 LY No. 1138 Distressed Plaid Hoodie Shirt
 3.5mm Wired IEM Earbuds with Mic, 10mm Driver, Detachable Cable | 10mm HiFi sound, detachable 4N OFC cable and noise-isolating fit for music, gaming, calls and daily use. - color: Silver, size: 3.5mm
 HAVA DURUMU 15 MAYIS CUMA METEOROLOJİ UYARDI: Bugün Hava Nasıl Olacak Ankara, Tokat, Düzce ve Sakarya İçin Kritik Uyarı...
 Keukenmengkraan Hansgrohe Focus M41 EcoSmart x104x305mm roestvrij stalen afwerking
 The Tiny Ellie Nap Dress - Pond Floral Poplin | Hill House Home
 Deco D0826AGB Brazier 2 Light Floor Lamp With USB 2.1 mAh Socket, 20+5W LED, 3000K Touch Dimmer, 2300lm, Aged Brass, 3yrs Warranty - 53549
* * *
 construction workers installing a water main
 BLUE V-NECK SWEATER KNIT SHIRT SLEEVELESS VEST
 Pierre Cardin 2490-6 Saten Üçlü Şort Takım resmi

### WORK TO BE COMPLETED
Beginning with the line above that contains "LY No. 1138 Distressed Plaid Hoodie Shirt", copy each line exactly up to and including the line that contains "Deco D0826AGB Brazier", and go no further.

### OUTPUT BELOW
 LY No. 1138 Distressed Plaid Hoodie Shirt
 3.5mm Wired IEM Earbuds with Mic, 10mm Driver, Detachable Cable | 10mm HiFi sound, detachable 4N OFC cable and noise-isolating fit for music, gaming, calls and daily use. - color: Silver, size: 3.5mm
 HAVA DURUMU 15 MAYIS CUMA METEOROLOJİ UYARDI: Bugün Hava Nasıl Olacak Ankara, Tokat, Düzce ve Sakarya İçin Kritik Uyarı...
 Keukenmengkraan Hansgrohe Focus M41 EcoSmart x104x305mm roestvrij stalen afwerking
 The Tiny Ellie Nap Dress - Pond Floral Poplin | Hill House Home
 Deco D0826AGB Brazier 2 Light Floor Lamp With USB 2.1 mAh Socket, 20+5W LED, 3000K Touch Dimmer, 2300lm, Aged Brass, 3yrs Warranty - 53549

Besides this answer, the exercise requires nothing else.